This story was originally published by the WND News Center.
It’s being called a victory for grandmothers, although it actually will help entire families.
A court in Wisconsin ruled that the state cannot ban people from making and selling homemade, shelf-stable foods directly to consumers.
Shelf-stable would mean foods like fudges, doughnuts, and roasted coffee beans that do not need any refrigeration to stay safe.
It’s the Institute for Justice that announced the victory in its court fight, citing the decision from Lafayette County Circuit Court Judge Rhonda L. Lanford.
She concluded that “Wisconsinites may use their own home kitchens to support their families with sales of safe foods,” the IJ reported.
The organization explained the background: “Wisconsin was one of the very few states that had banned virtually all sales of homemade food, requiring that people instead pay to utilize an off-site commercial kitchen. In 2017, a legal challenge from a group of home bakers led a Wisconsin court to declare the ban on baked goods to be unconstitutional. But Wisconsin continued to ban the sale of other homemade shelf-stable foods, like chocolates, candies, dried goods, and roasted coffee beans. This lawsuit, launched in February 2021, sought to change that.”
“We are thrilled with the court’s decision,” said Lisa Kivirist, a home baker and plaintiff in both the original and current lawsuits. “This win is going to be a game changer for so many in Wisconsin.”
The IJ explained another plaintiff, Dela Ends, now can sell soup mixes, tea mixes, and dehydrated vegetables.
“Rising prices have left many people struggling to make ends meet, and any additional source of revenue for home-based food producers would be helpful to Wisconsin families like Dela’s. Dela said that a victory in the lawsuit could help her bed-and-breakfast business, and it would allow her to cook more than breakfast,” the IJ reported.

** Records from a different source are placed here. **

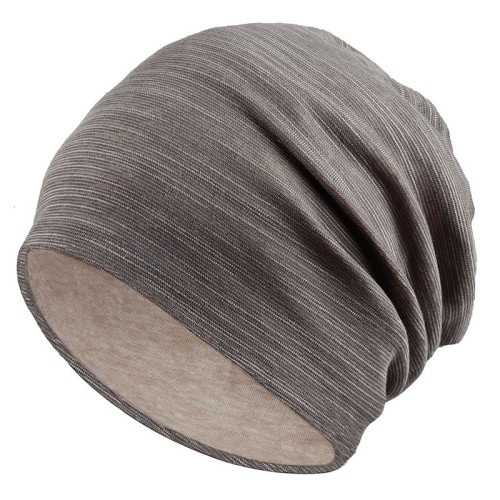 CZAPKA Męska Zimowa szara sportowa Beanie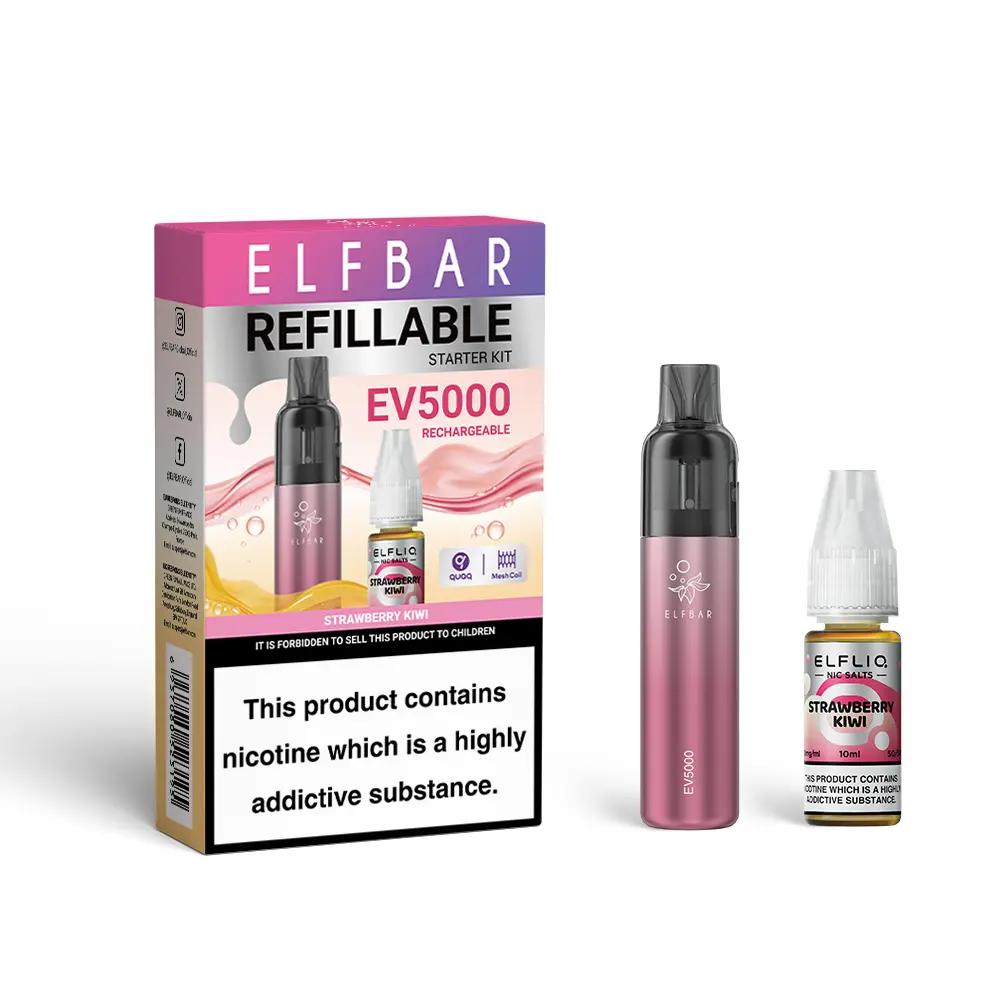 Elf Bar EV5000 Disposable Vape Pod Kit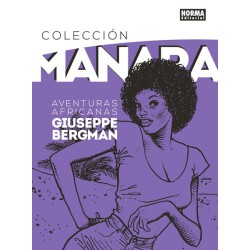 Colección Milo Manara 5. Aventuras Africanas Giuseppe Bergman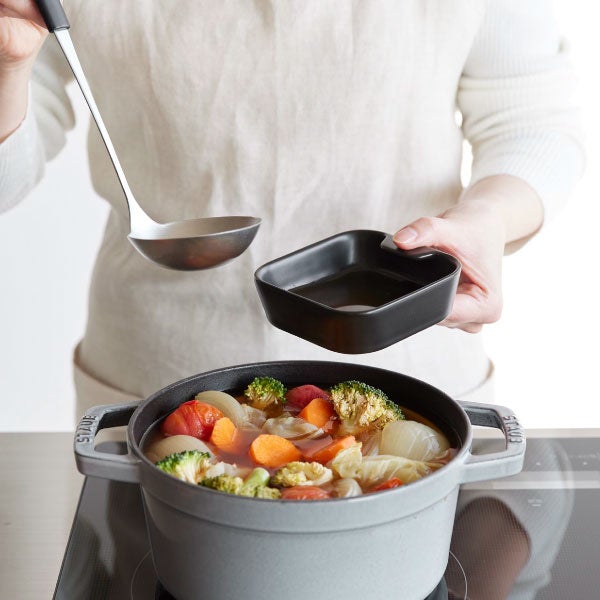 山崎実業 陶器 お玉スタンド タワー tower | キッチン雑貨・タワーシリーズ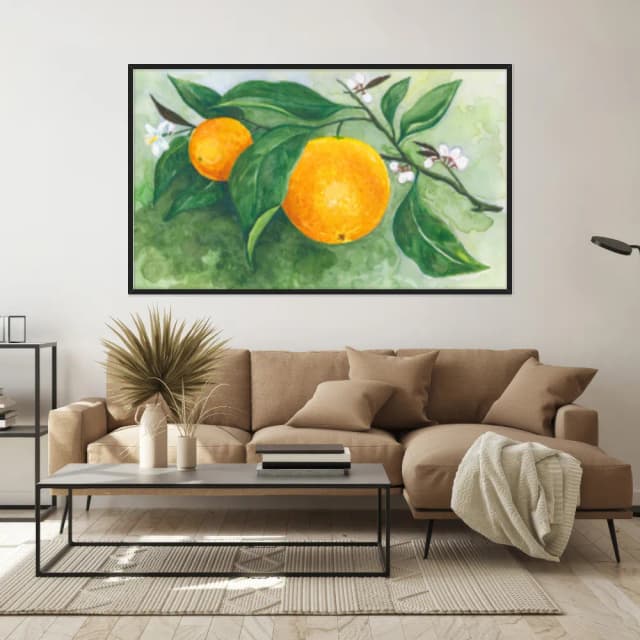 Quadro Decorativo Frutas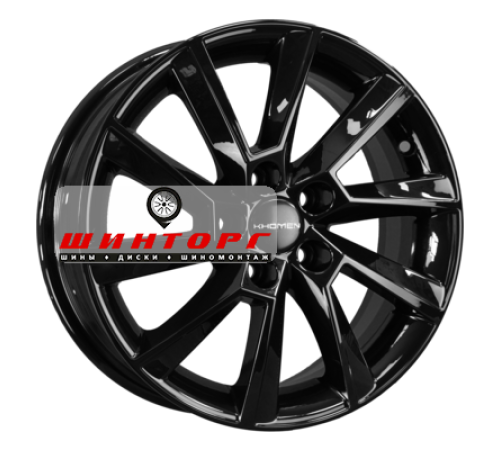 Купить диски Khomen Wheels 6x15/5x100 ET40 D57,1 KHW1507 (Polo) Black от производителя Khomen Wheels в Казани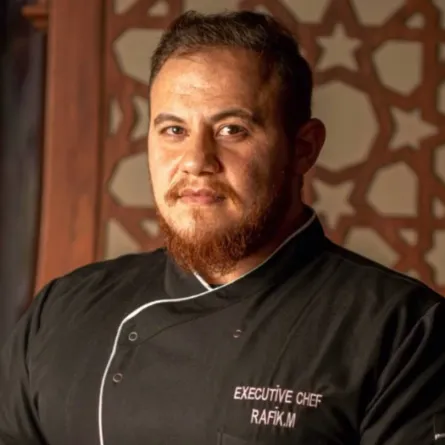 الشيف السوري محمد رفيق: أسرار وصفاتنا الحلبية عميقة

Senior IJ lawyer Justin Pearson said, “Wisconsin’s own regulators repeatedly admitted that this ban made no sense and only existed because powerful groups like the Wisconsin Bakers Association pushed for it. Legislators are not allowed to hurt the little guy just because their powerful friends asked them to.”
Now, said IJ lawyer Suranjan Sen, “If a grandmother wants to sell a piece of perfectly safe, homemade fudge to her neighbor, that is her right—and bureaucrats in Madison may not stand in the way.”